Coba kita tanya kepada anak-anak didik di Nias, apakah mereka menikmati belajar bahasa Inggris atau tidak? Setahu saya, bukannya menggunakan teknik yang enak dan mudah dimengerti, guru di dalam penyampaian pelajaran sering menggunakan metode menghafal. Bahkan, cara menyampaikannya juga amat jauh dari menjadikan peserta didik mencintai bahasa asing yang jelas sangat asing di lidahnya ini.
Inilah yang harus menjadi salah satu pekerjaan besar dalam bidang pendidikan di Pulau Nias. Kita punya mimpi menjadikan Nias terkenal. Maju dan terbuka terhadap dunia luar. Akan tetapi, jika kesempatan maju itu kemudian tidak kita raih, kemajuan dan prestasi hanya akan menjadi milik orang lain.
Pimpinan daerah harusnya menanggapi ini dengan mencoba mempersiapkan sosok-sosok muda dan energik sejak sekarang. Tanpa bermaksud menggurui, Dinas Pendidikan bisa melakukan seleksi di seluruh sekolah. Lalu kemudian dipilih sekitar 50 orang untuk dididik secara intensif dalam soal bahasa. Mereka diberikan pilihan sehingga tidak jadi paksaan. Lalu kepada mereka sebaiknya diberikan kelas-kelas khusus belajar bahasa dengan guru yang direkrut khusus. Mereka harus menguasai bahasa Inggris dengan baik dan dalam waktu setahun misalnya, mereka diminta untuk mencapai performa tertentu.
Pada saat yang sama, pemerintah daerah mengajak kalangan yang sudah pernah belajar ke luar negeri, termasuk suku lain juga, untuk membantu persiapan ini. Mencarikan sekolah, mempersiapkan berkas, bahkan menghubungi pihak-pihak yang bisa dianggap dapat memberikan bantuan kemajuan anak-anak muda tersebut. Mereka diminta untuk menyalurkan para anak muda brilian itu ke sekolah-sekolah terbaik di mana pun di dunia ini.

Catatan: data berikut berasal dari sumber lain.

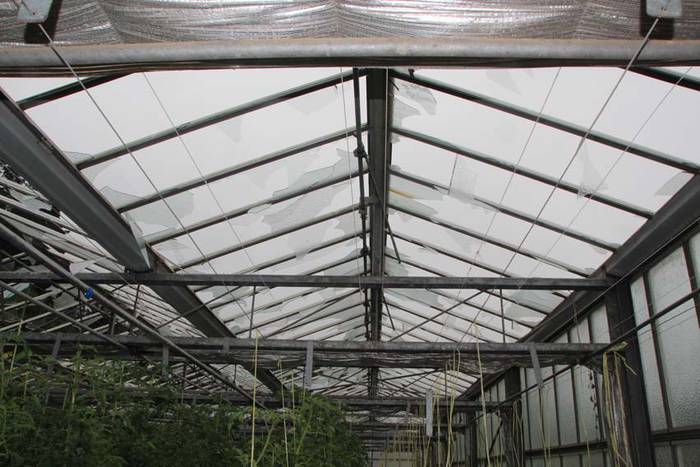 Berrobiko txikizioa 6 1438857187994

Itu baru satu contoh. Masih banyak hal lain yang bisa dilakukan sebenarnya. Saat ini saya membuka grup khusus tertutup untuk mempersiapkan orang-orang yang ingin studi master dan doktor. Setidaknya 10 orang calon doktor dan 50 orang calon master tergabung di dalamnya. Jadi, melakukan hal-hal yang baik ini sesungguhnya bisa dengan mudah dikerjakan oleh pemerintah daerah. Hanya pada pertanyaan: “Apakah melihat ini sebagai peluang?” Kita biasanya hanya bisa mengelus dada melihat reaksi pemerintah.
Memanfaatkan Peluang
Kita hidup di arena penuh persaingan dan perebutan menuju yang terbaik. Terlena, dalam hitungan detik, kesempatan itu disambar oleh orang lain. Karena itu, tidak ada kesempatan untuk menunggu. Para orangtua, persiapkanlah anak untuk menguasai bahasa Inggris atau bahasa asing lainnya. Para guru, berikan metode yang menyenangkan dalam belajar bahasa. Para siswa dan mahasiswa, tekunlah belajar, kuasai bahasa dan bermimpilah terus bersekolah.
Jadi, saya bertanya kepada anak-anak muda Nias, “Kalau nenek moyang kita tidak takut menantang lautan dan kemudian sampai ke Pulau Nias, mengapa kita harus takut menantang benua lain?”.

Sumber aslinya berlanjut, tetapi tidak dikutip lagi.